● RECORDS PROVIDED:

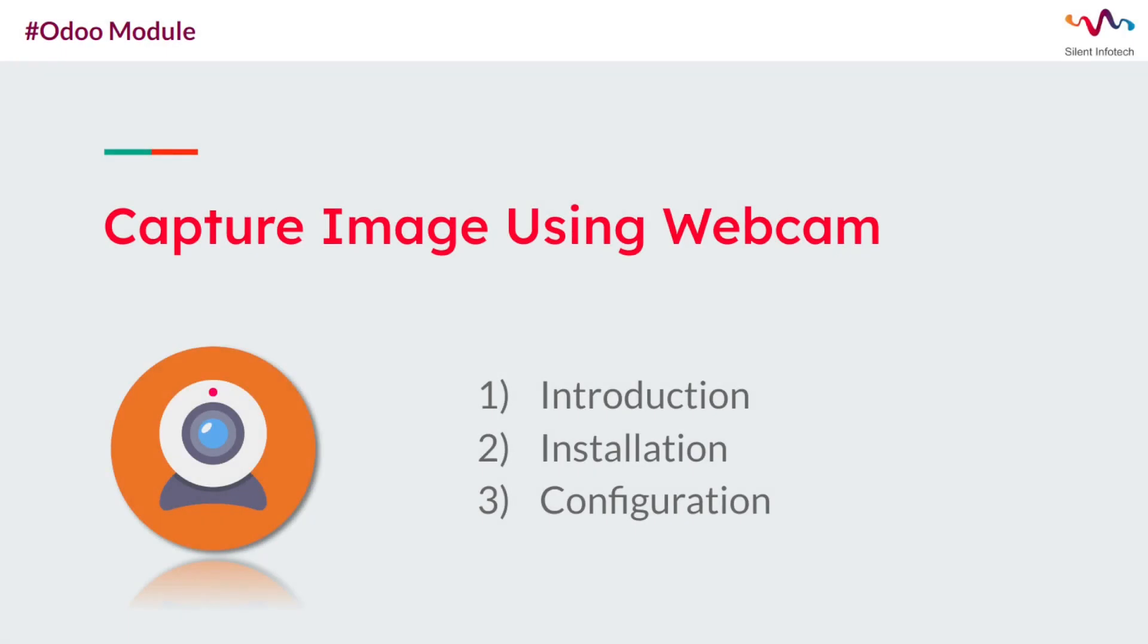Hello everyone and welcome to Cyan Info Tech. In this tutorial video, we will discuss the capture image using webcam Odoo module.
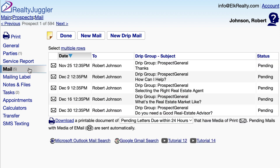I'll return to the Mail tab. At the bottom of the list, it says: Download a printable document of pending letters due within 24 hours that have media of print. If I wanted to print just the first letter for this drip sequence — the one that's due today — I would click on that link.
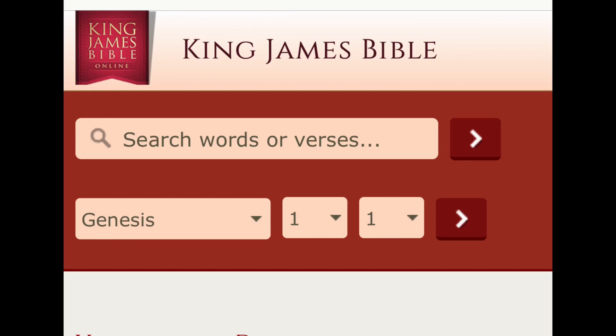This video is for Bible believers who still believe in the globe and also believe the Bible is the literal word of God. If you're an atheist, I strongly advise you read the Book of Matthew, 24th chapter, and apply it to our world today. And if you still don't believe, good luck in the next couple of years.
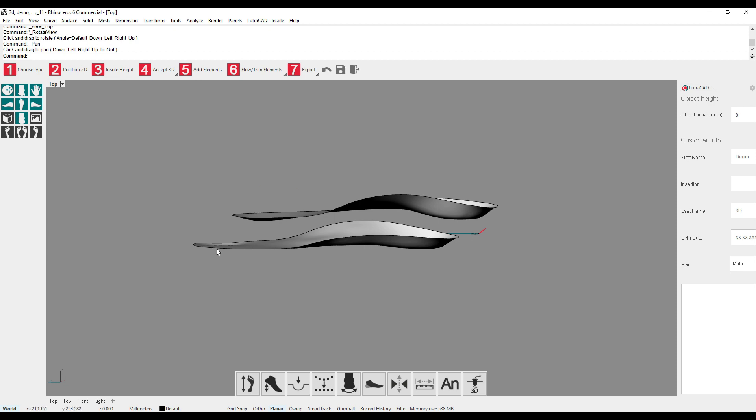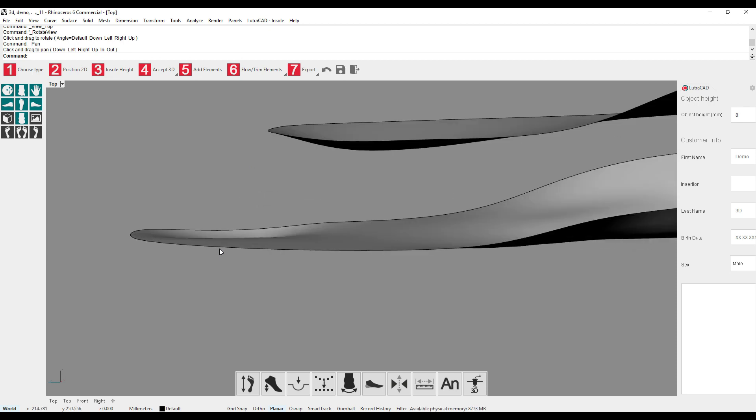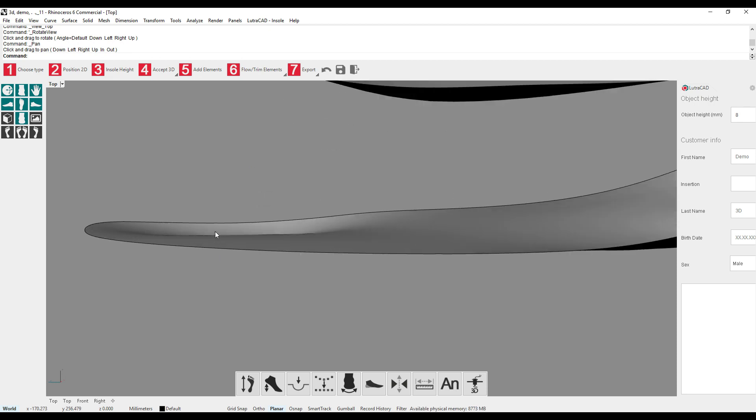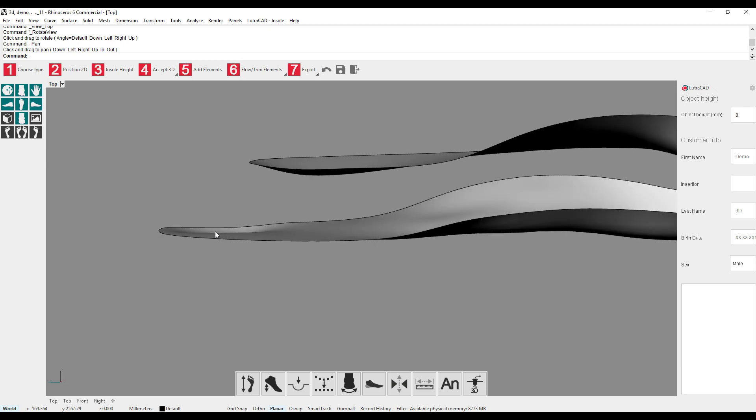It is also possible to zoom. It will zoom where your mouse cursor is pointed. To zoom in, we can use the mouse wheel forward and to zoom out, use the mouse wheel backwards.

--

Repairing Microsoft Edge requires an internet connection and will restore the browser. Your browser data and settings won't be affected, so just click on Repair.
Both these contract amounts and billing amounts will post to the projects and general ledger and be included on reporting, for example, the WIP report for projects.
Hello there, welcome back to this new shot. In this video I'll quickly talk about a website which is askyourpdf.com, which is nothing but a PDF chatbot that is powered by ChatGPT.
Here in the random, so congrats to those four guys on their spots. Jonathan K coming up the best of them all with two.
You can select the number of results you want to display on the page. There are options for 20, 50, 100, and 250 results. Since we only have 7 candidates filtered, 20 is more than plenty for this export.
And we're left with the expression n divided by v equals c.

● INSTRUCTIONS FOR THE TASK:
In the data above, find the line containing "Hello everyone and" and the line containing "It is also possible". Repeat those two lines and everything between them exactly, minus the pictures.

● WRITTEN RESPONSE:
Hello everyone and welcome to Cyan Info Tech. In this tutorial video, we will discuss the capture image using webcam Odoo module.
I'll return to the Mail tab. At the bottom of the list, it says: Download a printable document of pending letters due within 24 hours that have media of print. If I wanted to print just the first letter for this drip sequence — the one that's due today — I would click on that link.
This video is for Bible believers who still believe in the globe and also believe the Bible is the literal word of God. If you're an atheist, I strongly advise you read the Book of Matthew, 24th chapter, and apply it to our world today. And if you still don't believe, good luck in the next couple of years.
It is also possible to zoom. It will zoom where your mouse cursor is pointed. To zoom in, we can use the mouse wheel forward and to zoom out, use the mouse wheel backwards.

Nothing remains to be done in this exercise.